Hi! We are using RaySGD+GCP for distributed neural networks training. Our goal is to test hypotheses faster (during 1-2 hours of training) using a cluster with about 16 instances. The issue is that such a cluster instantiates slowly (now it is about 30 minutes, i.e. 20-30% of general usage time). We suppose that there are 2 main problems:

  1. Currently workers are started only after the head node is completely set up.
  2. GCP doesn’t create all workers at the time, they are divided into groups of 4-5 instances and these groups are started consistently.
    So the question is can we start the head node and all workers simultaneously? If you have any other suggestions on cluster setup acceleration, you are welcome.

@Ameer_Haj_Ali are there specific options that should be set to increase the speed of scaling up the cluster?

Hi @Vanster and @eoakes . Thanks for asking.

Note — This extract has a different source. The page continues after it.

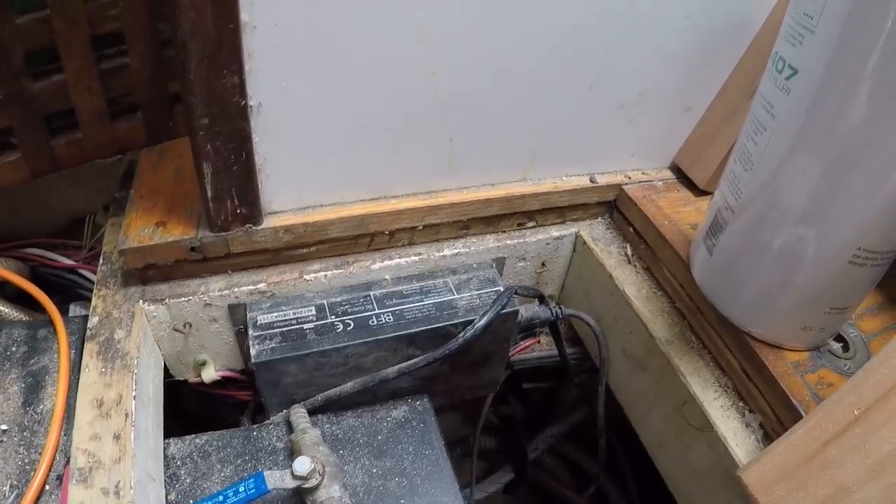Our two battery chargers: one cannot work on 220, only 110, so that one we'd normally run hooked to the generator — but it's dead. The other one, which a viewer named Alan sent us — thank you very much — is currently our only working battery charger, sort of. It runs on 110 or 220, so that's good, except when we plug it in it just trips the breaker. So we have no working battery charger.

  1. You can set upscaling_speed to 10000 in the cluster yaml to make scale up node faster.
  2. Unfortunately, head and workers can’t start simultaneously as is now.
  3. To make startup faster, bake all your setup/init commands into the docker image, things will be much faster.

Hi @Ameer_Haj_Ali. Thanks for your answer.
Seems like I really missed upscaling speed parameter. But I’ve tried it and it didn’t help :frowning: Probably the reason is scaling absence in our use-case: we just create a cluster with min_workers=max_workers and do not scale it in the runtime.
We already created the image with all needed libraries and our repository, the only thing we need to do is to call git pull on each worker, so our setup/init commands are not too slow.
I will give you also some information. ray up takes 3-5 minutes, and it’s fast enough. But when I attach to the head node and initialize the session with ray.init(address='auto'), it takes 10-20 minutes for all cluster resources to gather. In the meantime, worker nodes are ready 3-5 minutes after the main node. So there is an interval of 5-15 minutes when all machines are already running, but not all cluster resources are collected. Maybe we can somehow speed up this process?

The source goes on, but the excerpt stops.